The formation of stars in a wet merger is difficult to observe due to the large amount of dust that obscures the stellar nursery. Yet modern science offers astronomers tools that provide the most tantalizing glimpses of the baby stars.
The birth of a new star is a rare thing to witness. Yet an international coalition of astrophysicists has discovered not one but many new stars emerging from a shelter formed by the collisions of colossal galaxies.
Using the W.M. Keck telescope at Caltech as well as information gleaned from observations by the Hubble, Herschel, and Spitzer space telescopes, astronomers have been closely following the a cluster of 27 galaxies merging together. The cluster has been dubbed SpARCS1049+56.
The formation of stars in a wet merger is difficult to observe due to the large amount of dust that obscures the stellar nursery. Yet modern science offers astronomers tools such as infrared and submillimeter wavelength telescopes that provide the most tantalizing glimpses of the baby stars.
The mass of this cluster is unfathomable- more than the mass of 400 trillion suns combined. Scientists have calculated that the cluster is 9.8 billion light years from Earth.
“The Spitzer data showed us a truly enormous amount of star formation in the heart of this cluster, something that has rarely been seen before, and certainly not in a cluster this distant,” said study co-author Adam Muzzin of the University of Cambridge, UK.
To understand what is happening here, a little background on galaxies is necessary. A galaxy is considered to be any group of planets, stars, dust, gas, and dark matter held together by gravity.
From what we know of the universe, there are three styles of galaxy. The most common form is a spiral, which makes up 77 percent of al known galaxies. Spirals have arms rich in matter that revolve around a dense stellar core. Many are still actively forming stars.
Ellipticals are somewhat spherical galaxies that mostly contain only gas and dust. 20 percent of known galaxies are of this variation and they produce few stars.
Irregular galaxies are rare and of varying shapes. They often contain many young stars.
From time to time, spiral galaxies are known to collide with each other to create an elliptical galaxy. When the friction created by the combination of two giant gas clouds results in new star formations, it is known as a wet merger.
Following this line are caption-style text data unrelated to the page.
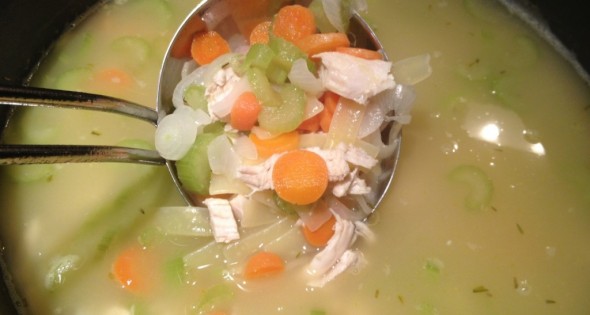 10 Favorite Fall Soup Recipes! www.herviewfromhome.com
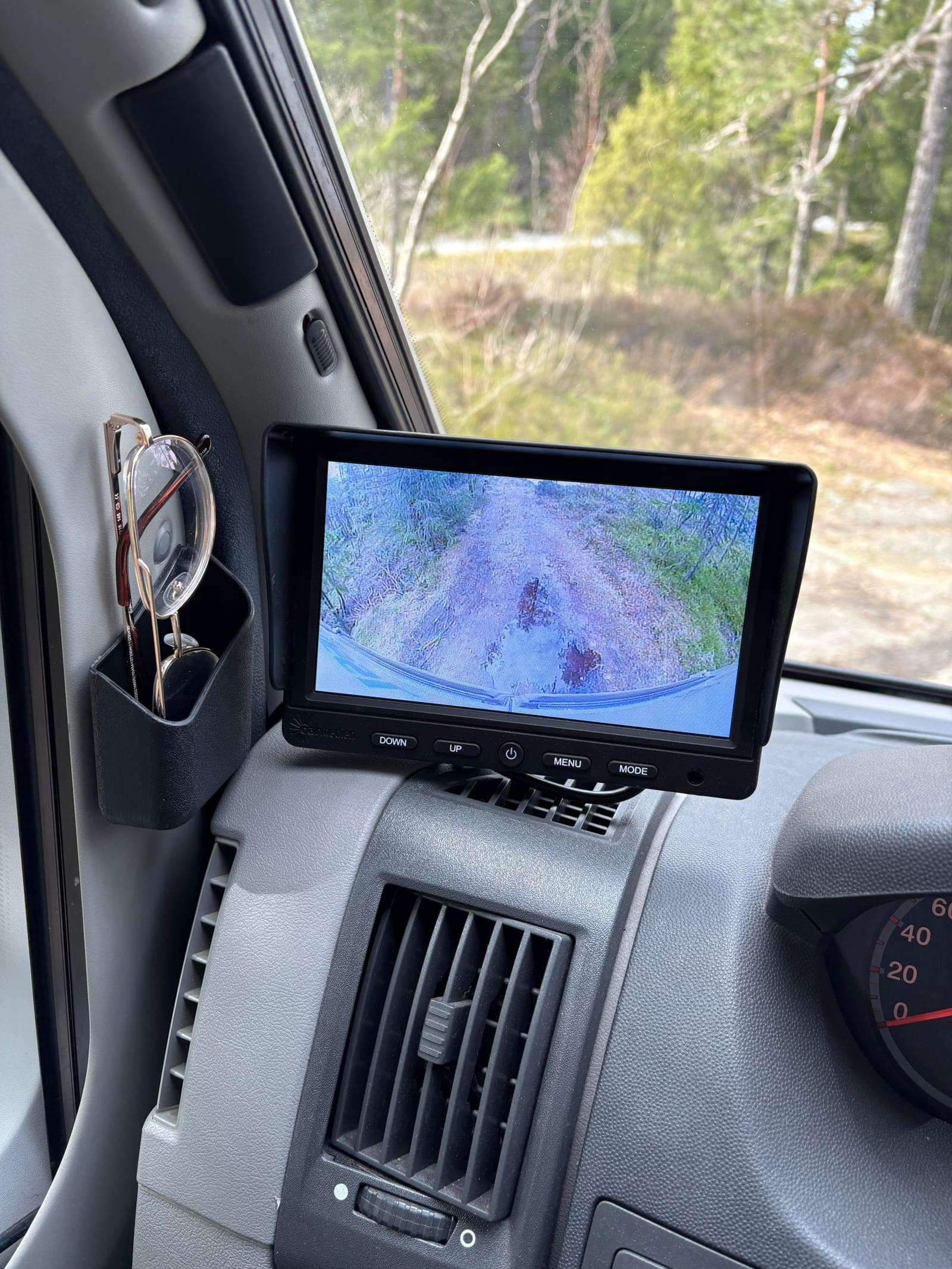 Nimbus 2009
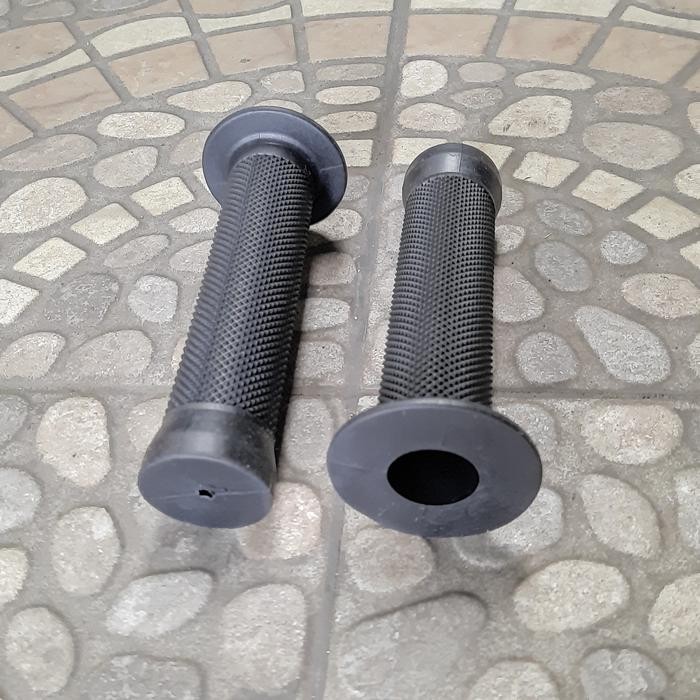 gtSport- Grip - Handgrip Bmx Hitam 979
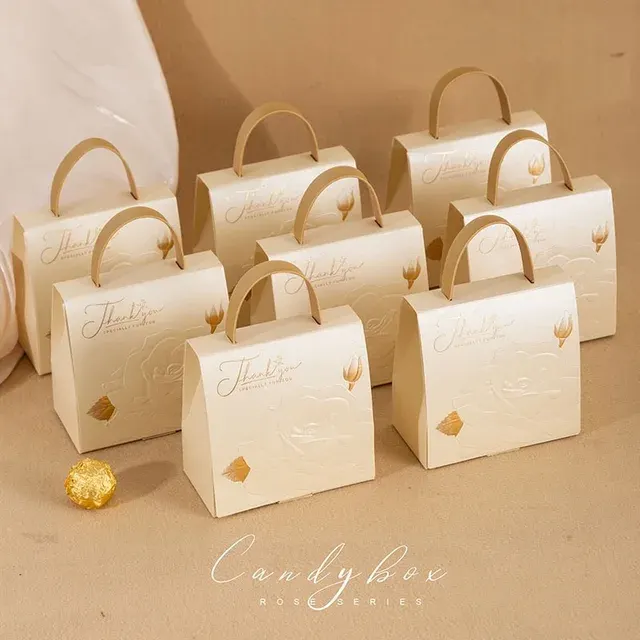 LED-Geschenkboxen-Set (Weihnachtsdeko) 2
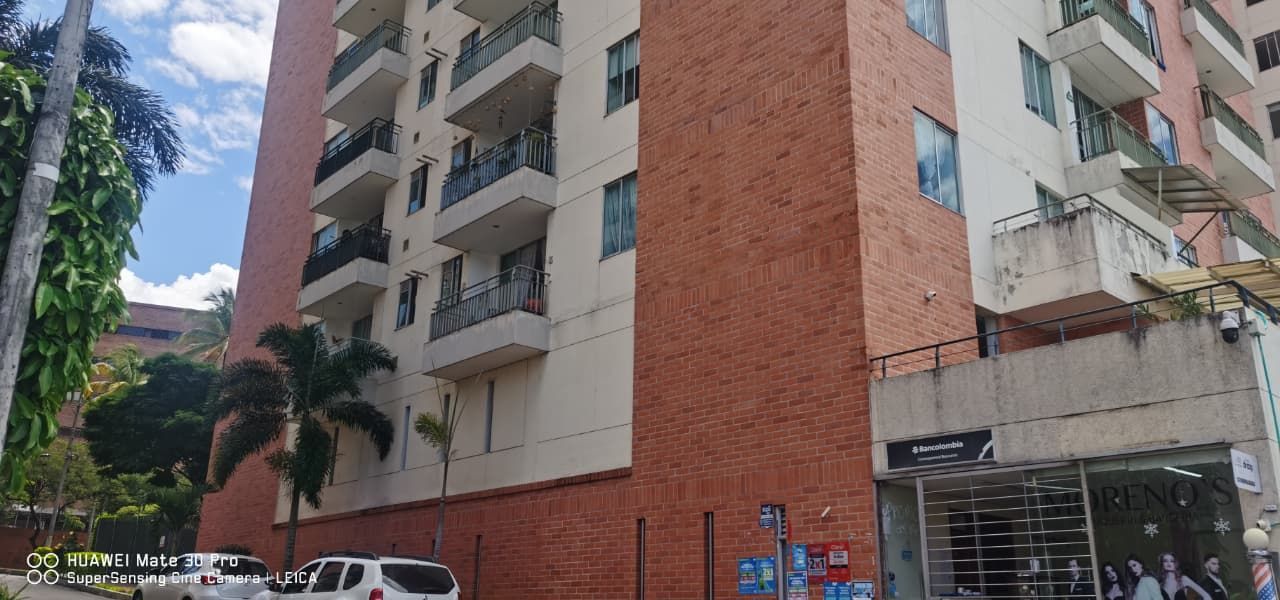 Apartaestudio en arriendo Tolima Ibagué Torreon De Piedra Pintada Et Ii 46 m2 Habitaciones 1 Baños 1 Garajes 1 Precio $1200000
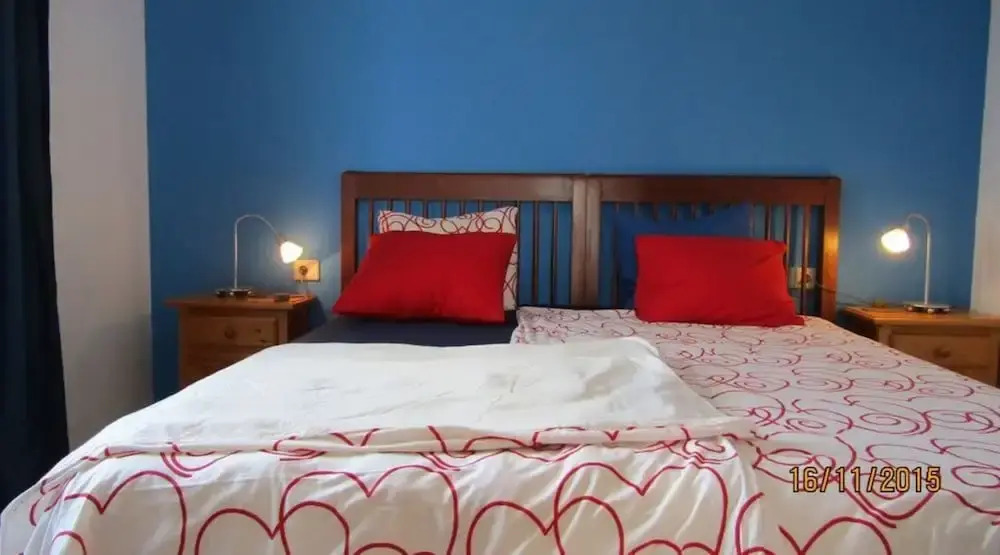 Lanzarote 102515 2 Bedroom Apartment By Mo Rentals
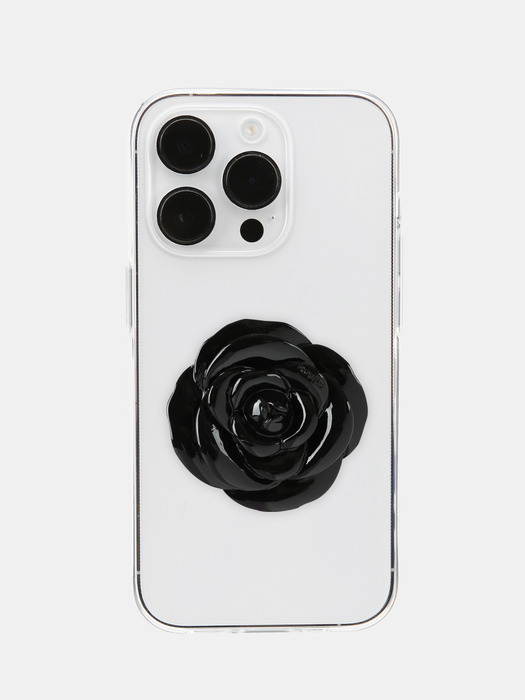 ROSE RTOK (BLACK)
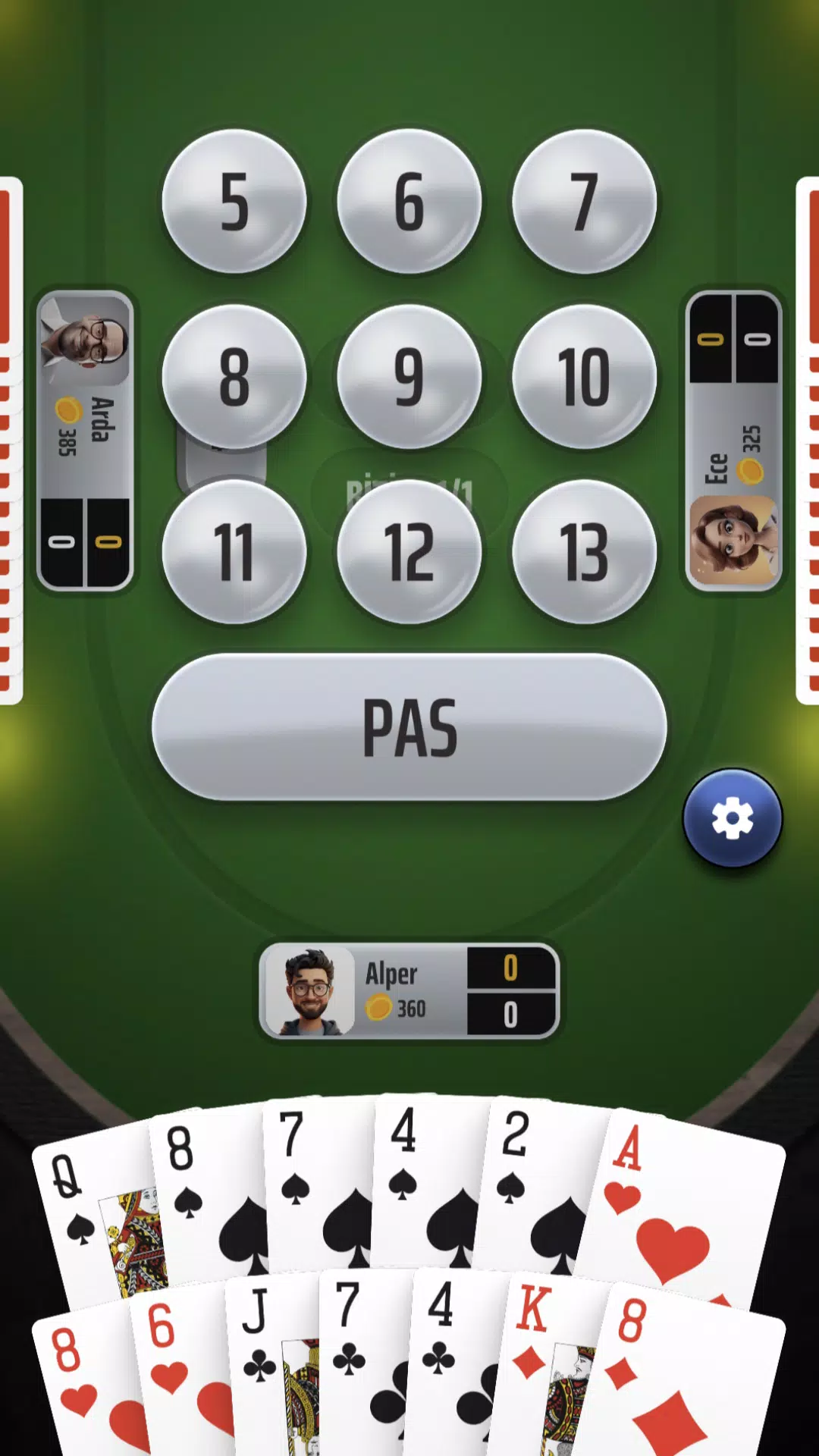 Batak HD Premium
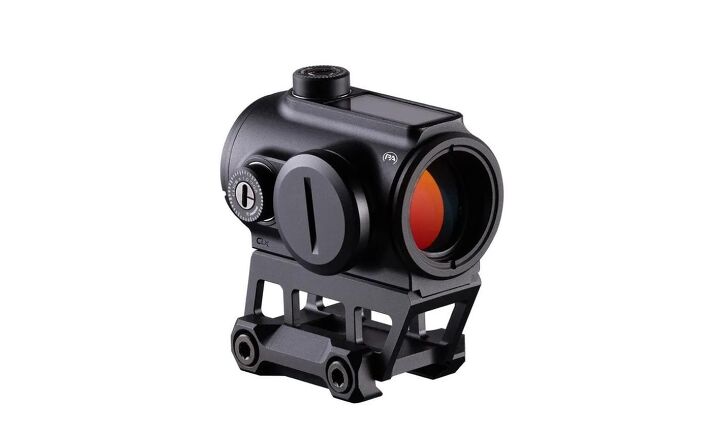 new primary arms clx optics family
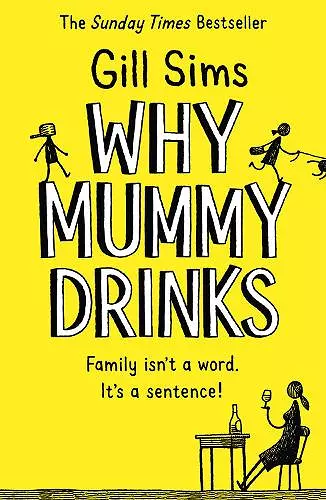 Why Mummy Drinks cover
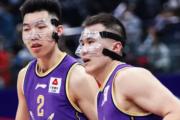 北控男篮何去何从？核心后卫伤缺，是否该调整小外位置？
“What is so unusual about this cluster is that it is forming stars at a prodigious rate, more than 800 solar masses per year,” said study co-author Gillian Wilson from the University of California, Riverside. “To put that in perspective, our own galaxy, the Milky Way, is forming stars at the rate of only about one solar mass per year.”
No other wet merger has ever been observed to be so prodigious in its star creation.